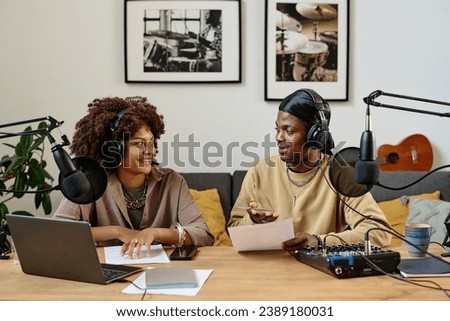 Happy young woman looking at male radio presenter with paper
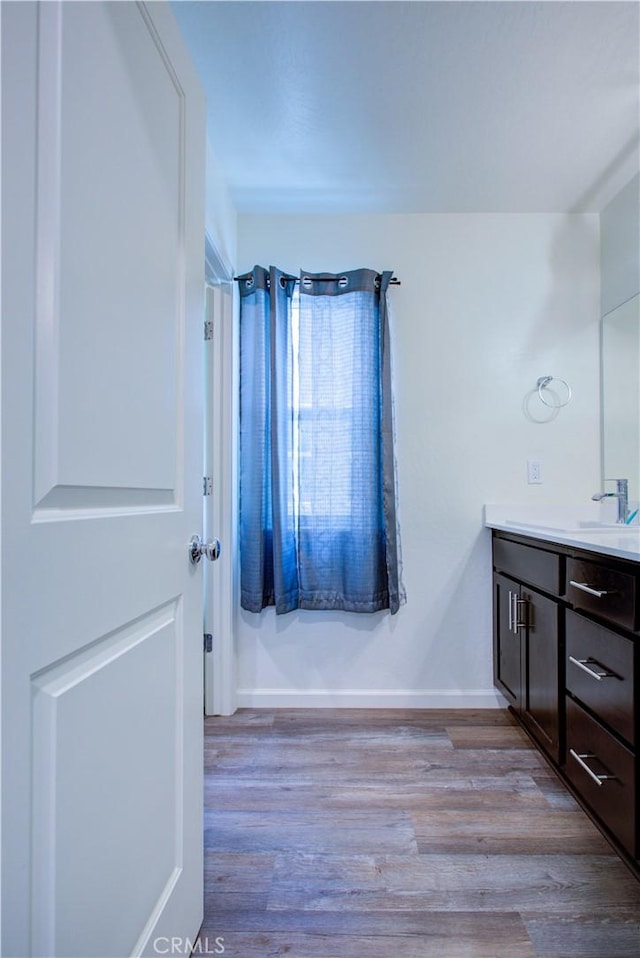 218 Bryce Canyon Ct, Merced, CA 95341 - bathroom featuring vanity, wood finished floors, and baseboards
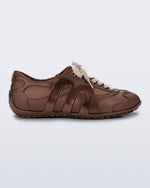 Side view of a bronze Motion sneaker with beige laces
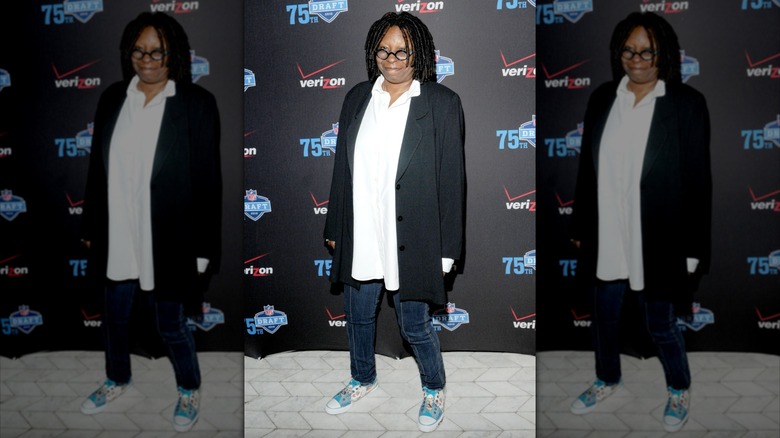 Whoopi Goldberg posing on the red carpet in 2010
---
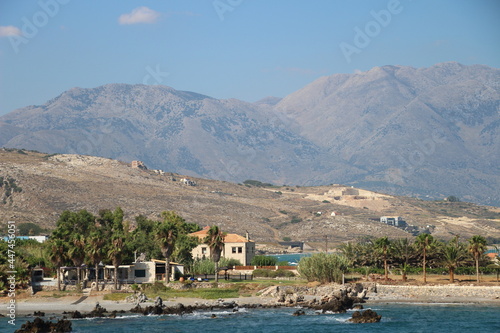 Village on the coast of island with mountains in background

## INSTRUCTIONS TO FOLLOW
Please output, exactly as written, the lines above from the one holding "218 Bryce Canyon" through the one holding "Whoopi Goldberg posing", both included, with the pictures omitted.

## SOLUTION
 218 Bryce Canyon Ct, Merced, CA 95341 - bathroom featuring vanity, wood finished floors, and baseboards
 Side view of a bronze Motion sneaker with beige laces
 Whoopi Goldberg posing on the red carpet in 2010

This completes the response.